TASK OBJECTIVE:
In the records below, reproduce exactly the lines from the one containing "Off Shoulder Tulle" through the one containing "PullCrease 45 Pcs", both included, and omit the pictures.

LISTED ENTRIES:
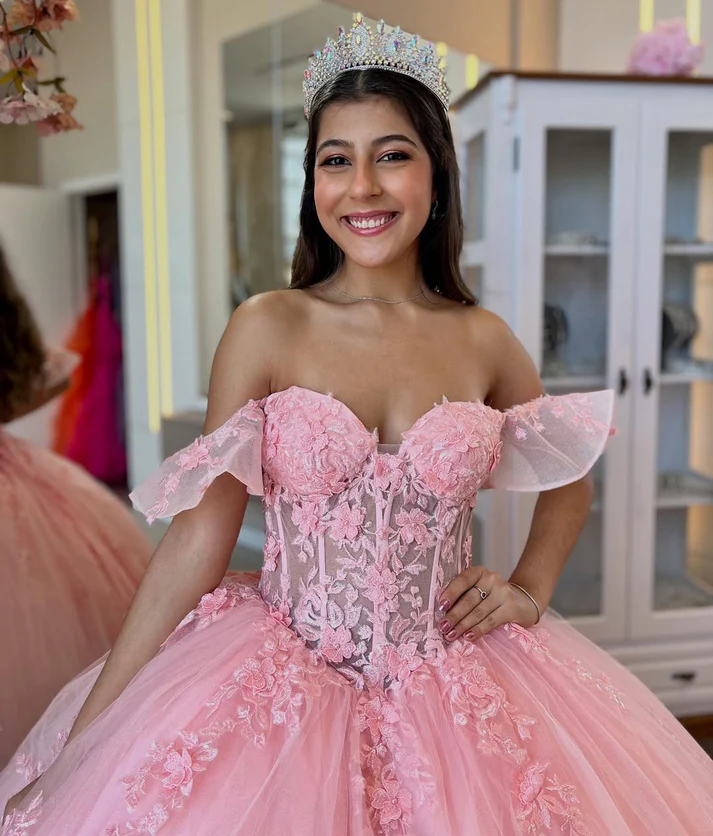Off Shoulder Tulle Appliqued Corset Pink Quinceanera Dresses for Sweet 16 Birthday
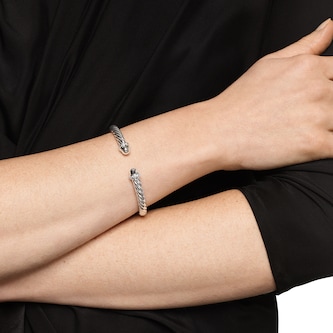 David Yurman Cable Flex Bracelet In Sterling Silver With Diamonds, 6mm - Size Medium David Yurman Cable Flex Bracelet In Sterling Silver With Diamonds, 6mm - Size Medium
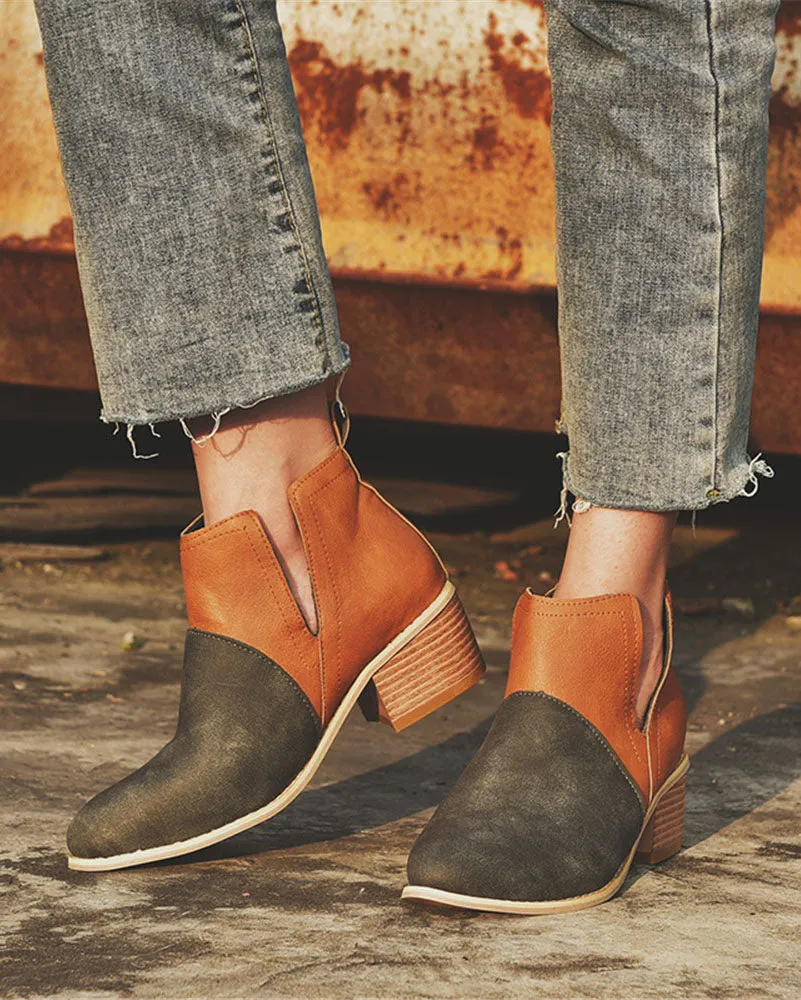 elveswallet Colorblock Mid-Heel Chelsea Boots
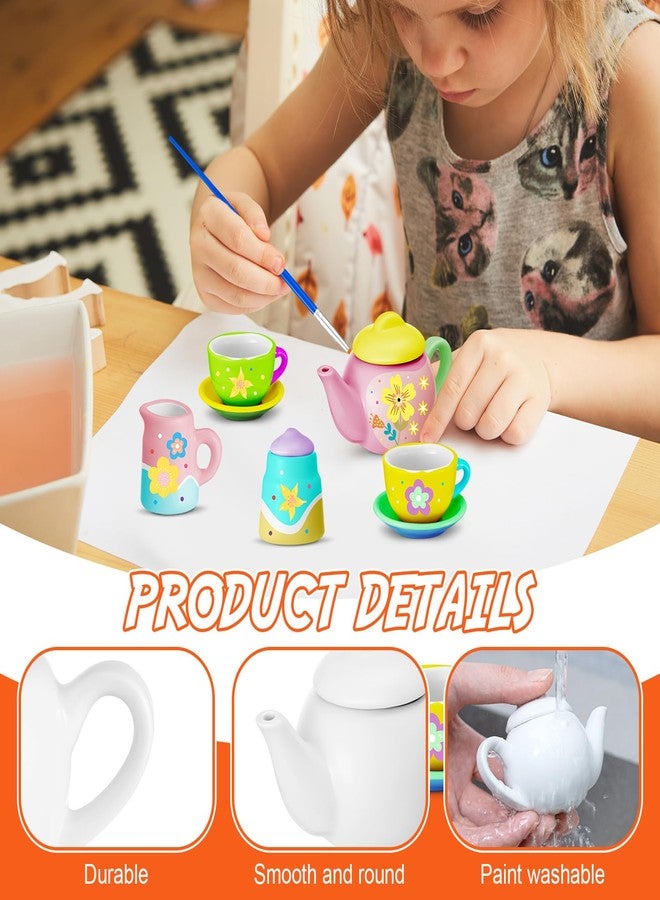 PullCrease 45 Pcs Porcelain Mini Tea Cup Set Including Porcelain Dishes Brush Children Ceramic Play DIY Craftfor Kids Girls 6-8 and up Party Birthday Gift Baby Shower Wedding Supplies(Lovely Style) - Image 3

* * *

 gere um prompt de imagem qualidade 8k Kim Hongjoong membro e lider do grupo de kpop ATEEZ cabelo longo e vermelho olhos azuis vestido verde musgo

RESPONSE:
Off Shoulder Tulle Appliqued Corset Pink Quinceanera Dresses for Sweet 16 Birthday
 David Yurman Cable Flex Bracelet In Sterling Silver With Diamonds, 6mm - Size Medium David Yurman Cable Flex Bracelet In Sterling Silver With Diamonds, 6mm - Size Medium
 elveswallet Colorblock Mid-Heel Chelsea Boots
 PullCrease 45 Pcs Porcelain Mini Tea Cup Set Including Porcelain Dishes Brush Children Ceramic Play DIY Craftfor Kids Girls 6-8 and up Party Birthday Gift Baby Shower Wedding Supplies(Lovely Style) - Image 3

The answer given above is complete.